Salvatore Romano is a closet case. Bryan Batt is not.
The actor who plays the married but wildly on the down-low art director on AMC’s critically acclaimed “Mad Men” is openly and proudly gay. Batt’s character, however, typifies not just the lives of 1960s gay men, but many gay characters being portrayed on the tube today.
A full 40 years after Stonewall, coming out is still an issue in real life, but it’s even more problematic on TV, reflecting the conflict writers on both network and cable often have between wanting to portray gay men and lesbians realistically and facing producers’ queries about potential audience response. Too much “gay” might chase away straight audiences. Or at least that’s the prevailing attitude.
“Mad Men” has walked an intriguing if sometimes fine line with regard to Romano’s sexuality since the show began in 2007. Since its third season started a few weeks ago, “Mad Men” has put Romano’s storyline on the front-burner. In the premiere episode, Romano has a sexual encounter while he and Don Draper, head of the Sterling Cooper creative team, are on a business trip to Baltimore. The two are staying in a hotel — and Draper, himself having a sexual encounter with a woman — discovers Romano in bed with a hotel employee when a fire alarm forces everyone out of their rooms. Neither man acknowledges the event.
Like many gay men then and now, Romano is married. Batt had asked “Mad Men” creator Matthew Weiner to have Romano marry in season two, because that was the reality for gay men of that era: marriage to a woman to hide their gayness.
As “Mad Men” has evolved, the characters at Sterling Cooper have been revealed with all their personal, sexual and creative conflicts. The roles of women and queers in the most competitive business of the 1960s have been highlighted — as has the manner in which straight men treated both. Advertising was where creativity met corporate in the 1960s. But it was also where the past often refused to make way for the future, particularly when it came to women and queers.
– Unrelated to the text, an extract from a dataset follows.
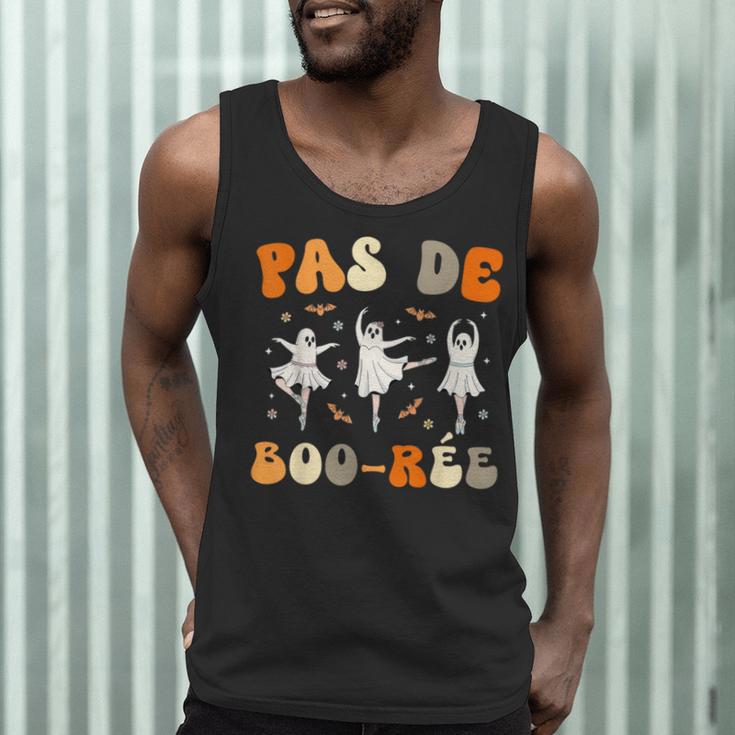 Pas De Boo-Rée Ghost Ballet Dancer Halloween Dance Teacher Men Tank Top, novelty gifts, funny gifts Pas De Boo-Rée Ghost Ballet Dancer Halloween Dance Teacher Men Tank Top, novelty gifts, funny gifts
The shifting mores of the period are reflected at Sterling Cooper. Birth control had just been legalized. Openly gay people were beginning to declare themselves in the workplace.
But the reactions among the straight men whose world this was were not welcoming. Women are still viewed as secretary and bed material only, not as possible peers. Gay men, regardless of talent or acumen, are the objects of ridicule. Last season, Romano stood silently as the team disparaged a newly hired advertising executive, Kurt, who had declared he was gay.
Looking over the upcoming fall premieres, the number of gay male characters is few. Some peripheral characters return in prime-time offerings like “Desperate Housewives” and “Brothers & Sisters” and TNT’s “Raising the Bar” retains its gay male attorney, Charlie. The new mockumentary “Modern Family” has a gay-male couple as part of its ensemble.
TV clearly has an easier time depicting bisexual female characters than gay men. Where “Mad Men” differs from other series is in evolving Romano’s character and his feelings for other men, and his internal war with what’s “normal” for his colleagues and what feels normal for him.
In 2009, the closet is still only slightly more open for gay-male characters on TV than it was in “Mad Men’s” era, when Don Murray starred as the closeted gay man in Otto Preminger’s film “Advise and Consent.” And Salvatore Romano is a character who isn’t in a time warp at all, but one who still represents a significant number of gay men in America today.